Telle est l'opinion de M. Marc-Deffaux dans son commentaire de la loi de 1838 (sur l'article 5 1o, p. 22). V. aussi Garnier (Actions possessoires, p. 232).

A ces considérations, M. Foucher, s'occupant du curage (no 210), répond avec infiniment de raison, que M. Marc-Deffaux confond les actions possessoires et les entreprises sur les cours d'eau avec le simple fait de curage, qui est indépendant de toute question de possession ou d'envahissement de terrains. Dans l'espèce de notre paragraphe, le législateur n'a voulu régler que le droit de faire curer les fossés et canaux des héritages voisins. Mais si, au lieu de faire un simple curage, le propriétaire change la direction du fossé, l'élargit de manière à envahir sur la propriété du voisin ou à porter un trouble à la jouissance de cette propriété, ou enfin à ne plus rester dans les limites de distance voulues par la loi, dès lors ce n'est plus l'action prévue par notre paragraphe que le demandeur devra intenter, mais bien celle en dénonciation de nouvel œuvre, en complainte, en réintégrande ou en distance légale, suivant la nature de la voie de fait et l'espèce du fossé ou du canal... ›

La question de possession annale n'a donc rien à faire avec l'action en dommages-intérêts, en élagage ou en curage.

Dans cette dernière, on suppose que, ni la propriété, ni la possession n'est contestée au demandeur.

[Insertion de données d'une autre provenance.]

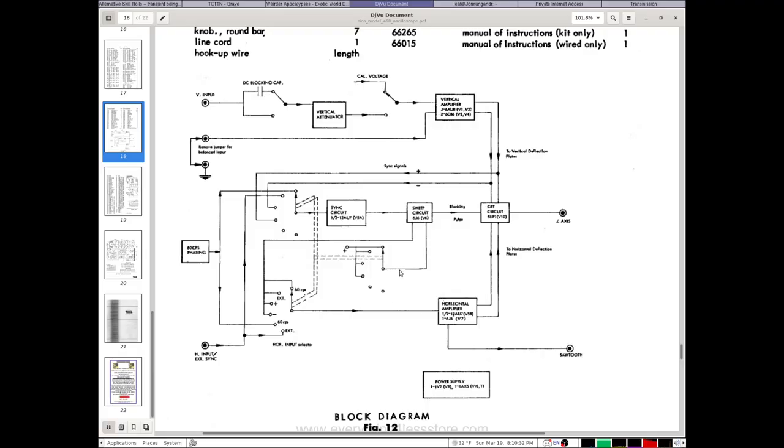Here's a block diagram of the thing. Not very complicated. I mean, you can't expect it to be. It doesn't have like a trigger circuit or anything. It just kind of has a sync circuit that sort of synchronizes when you adjust it just right.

Dans le cas au contraire où l'on se prévaut de la possession, un trouble a été apporté à cette présomption de propriété, et le demandeur peut s'adresser au juge de paix, mais seulement en vertu de l'art. 9 de la loi de 1841.

Comment est-il possible, d'ailleurs, de s'arrêter à cette idée de M. Marc-Deffaux, qu'un dommage causé aux champs, ou bien l'absence de curage ou d'élagage depuis une année donne nécessairement la possession au défendeur, et lui permette de repousser ainsi l'action du demandeur. Il y a là une étrange confusion d'idées.